=== Stored data ===

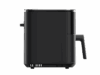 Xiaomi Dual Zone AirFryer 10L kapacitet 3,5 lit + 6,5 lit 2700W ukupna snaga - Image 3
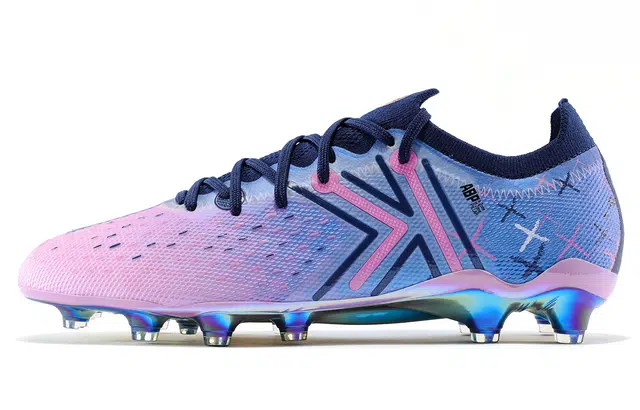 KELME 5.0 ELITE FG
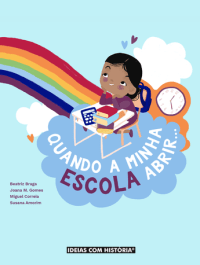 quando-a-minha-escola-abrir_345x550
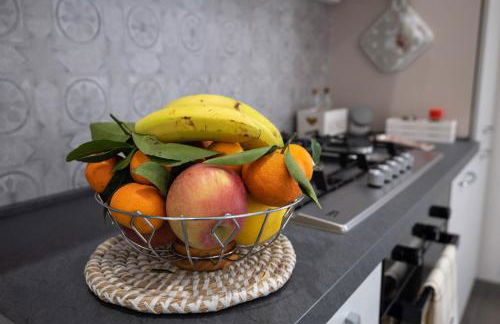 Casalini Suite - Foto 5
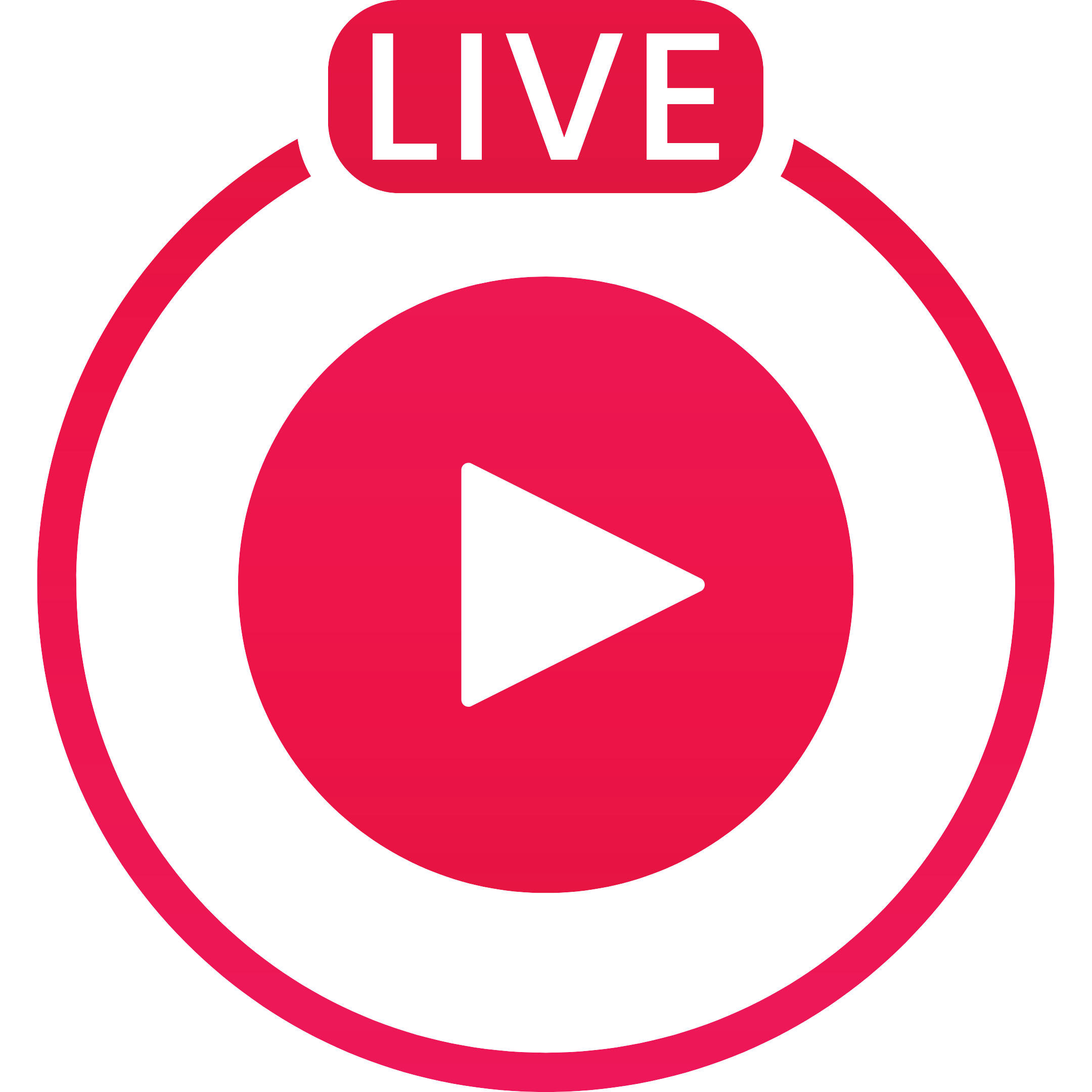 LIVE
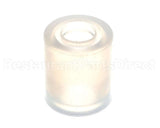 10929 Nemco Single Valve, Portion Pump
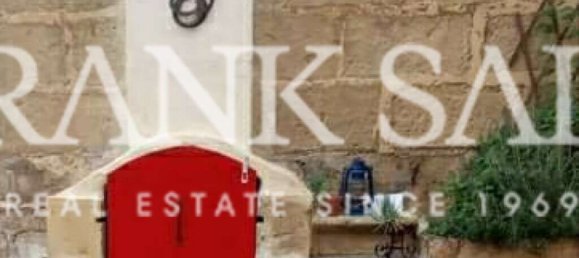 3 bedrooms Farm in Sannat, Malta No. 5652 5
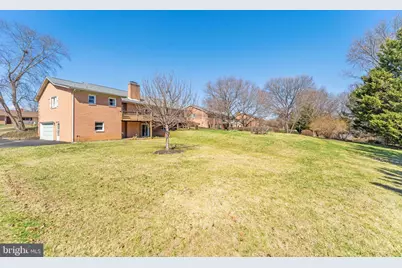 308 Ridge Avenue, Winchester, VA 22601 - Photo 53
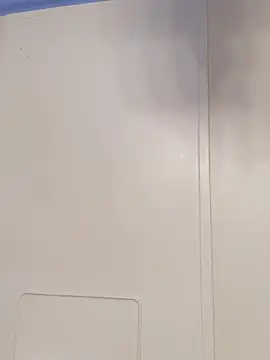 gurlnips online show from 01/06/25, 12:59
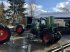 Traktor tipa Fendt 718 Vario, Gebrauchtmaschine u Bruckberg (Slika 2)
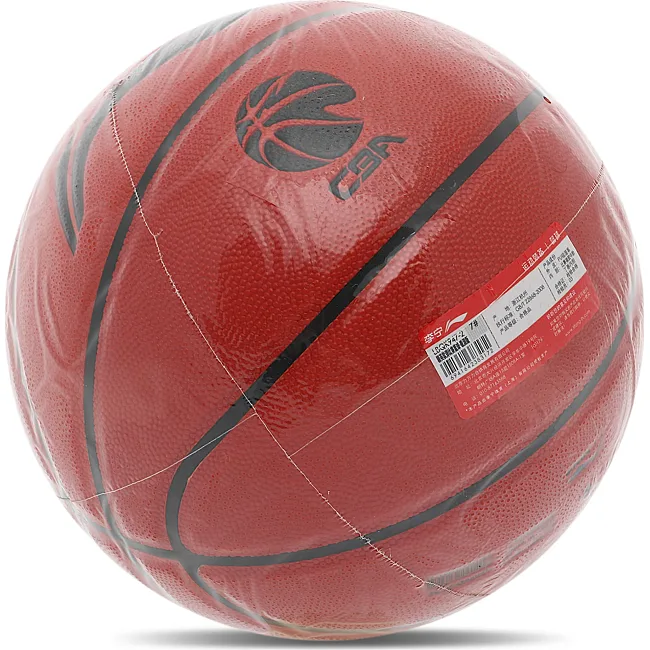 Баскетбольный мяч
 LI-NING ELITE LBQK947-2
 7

===

→ **What the task asks**
Repeat the preceding records exactly but drop the images.

→ **Result of this exercise**
 Xiaomi Dual Zone AirFryer 10L kapacitet 3,5 lit + 6,5 lit 2700W ukupna snaga - Image 3
 KELME 5.0 ELITE FG
 quando-a-minha-escola-abrir_345x550
 Casalini Suite - Foto 5
 LIVE
 10929 Nemco Single Valve, Portion Pump
 3 bedrooms Farm in Sannat, Malta No. 5652 5
 308 Ridge Avenue, Winchester, VA 22601 - Photo 53
 gurlnips online show from 01/06/25, 12:59
 Traktor tipa Fendt 718 Vario, Gebrauchtmaschine u Bruckberg (Slika 2)
 Баскетбольный мяч
 LI-NING ELITE LBQK947-2
 7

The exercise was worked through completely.